Niedziela, 14 sierpnia i ani jedno zakwasika. A tak mnie straszyli! Że po tych zawodach nie będę mogła chodzić. 9 km rozbiegania... po górach 15 sierpnia, czyli poniedziałkowy powrót do domu... i nagle zaczynaja boleć achillesy jest źle dostaję mega-opryszczki (jak ja się pokażę w pracy?!) Oj, wybieram się na Kabaty, a tam JEZIORO 12,2km człapania po 4,57min/km 16 sierpnia, wtorek Późno w nocy wyskakuje na 6,2 km. Tym razem nawet nie chcę znać tempa. Moja opryszczka boli, głowa boli, jestem ciężka. Przytyłam nieco ponad kilogram, a czuję się jakbym ważyła 100 killogramów. Opuchnięta, "trzeszcząca" 17 sierpnia, środa W pracy jedziemy pełną parą. Nie ma czasu, nie ma czasu. biegać wychodze znowu po ciemku, po osiedlu, dla rozprostowania nóg.
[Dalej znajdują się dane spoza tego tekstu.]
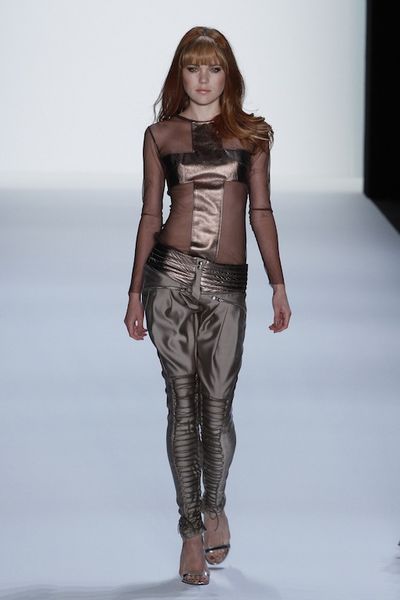GLAW Fashion Week Berlin glaenzende Stoffe und Schnuerelemente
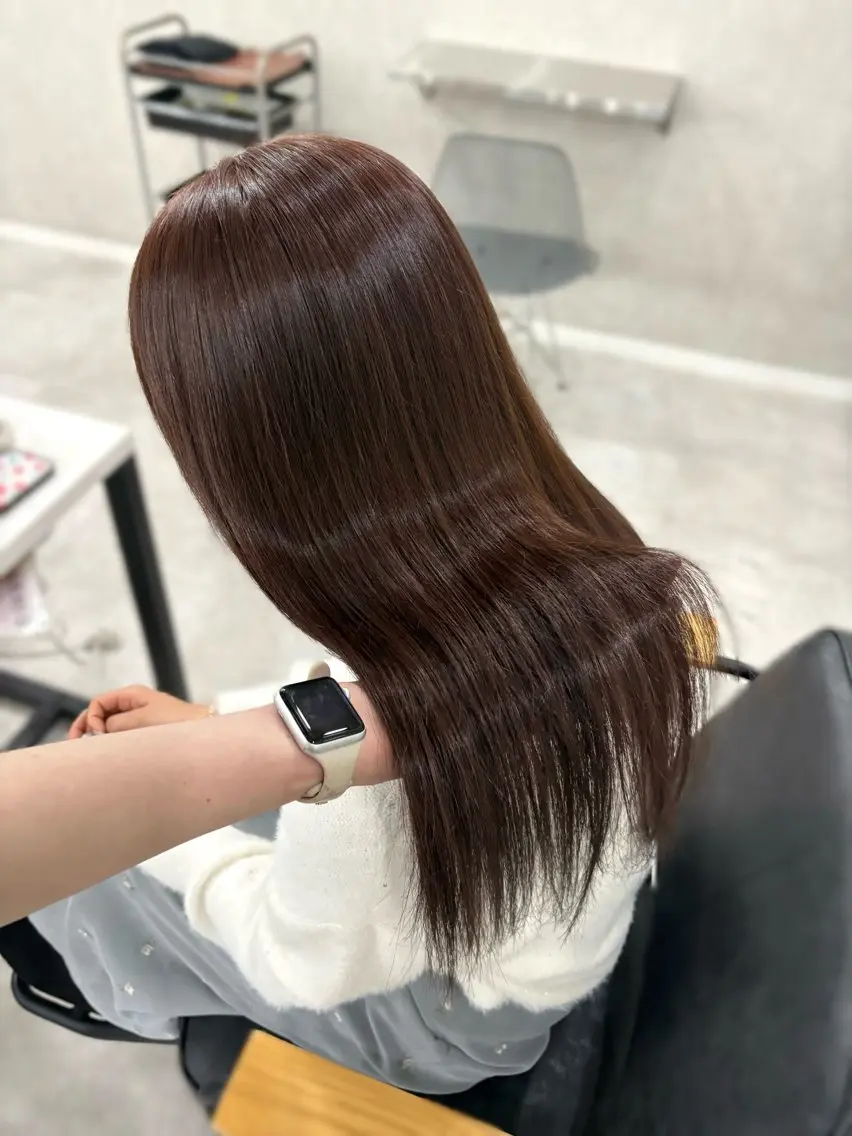 ロング カラー ブラウンカラー チョコレートブラウン ピンクカラー カット ヘアカラー 盛れる顔まわり✨🎀 レイヤー別所好葉のヘアスタイル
Pierwszy kilometr po 5,30...potem jest nieco lepiej. 7,7 km

Cz, 18 sierpnia 2011, 07:56

13 sierpnia, sobota 25 km biegu pod radziejową - Mountain Marathon, styl anglosaski, ponad 1700metrów przewyższeń. Nie wiem, czego mogę od siebie oczekiwać... zaczynam spokojnie, daleko za Dominiką Wiśniewską. Mimo to pierwszy kilometr pod górę (po asfalcie) wychodzi 4,47 min/km. Przez 4 km biegniemy pod górę po asfalcie. Ja druga z kobiet, spokojnie, wiem że mam czas, wszak do przebiegnięcia jeszcze dystans półmaratonu. W głowie postanowienie, że celem tego biegu będzie walka ze sobą, czyli NIE PODCHODZĘ, tylko podbiegam. Po 4 km zaczynają się płtyt, jest coraz stromiej. Od 6 wbiegamy na szlaki górskie. na 7 km leciutko wyprzedzam Dominikę, która przechodzi do marszu. Przez 4 kilometry próbuje się mnie trzymać, ale zostaje coraz dalej. Ja wreszcie jestem zachwycona podbieganiem. Ten bieg daje mi tyle przyjemności. Nareszcie jest pogoda, słońce, mogę się opalić. Czuję niesamowitą siłę. Góra, dół, góra, dół. Na zbiegach gnam, wyprzedzam, czuję wiatr we włosach. Pod górę konsekwentnie biegnę - nie męczy mnie to! 25 km, tempo 4,59min/km, 1:04:29 Znacznie poprawiony rekord trasy kobiet. Za mną Dominika Wiśniewska traci 4 minuty! A mnie...chce się dalej biec. Skąd ta siła?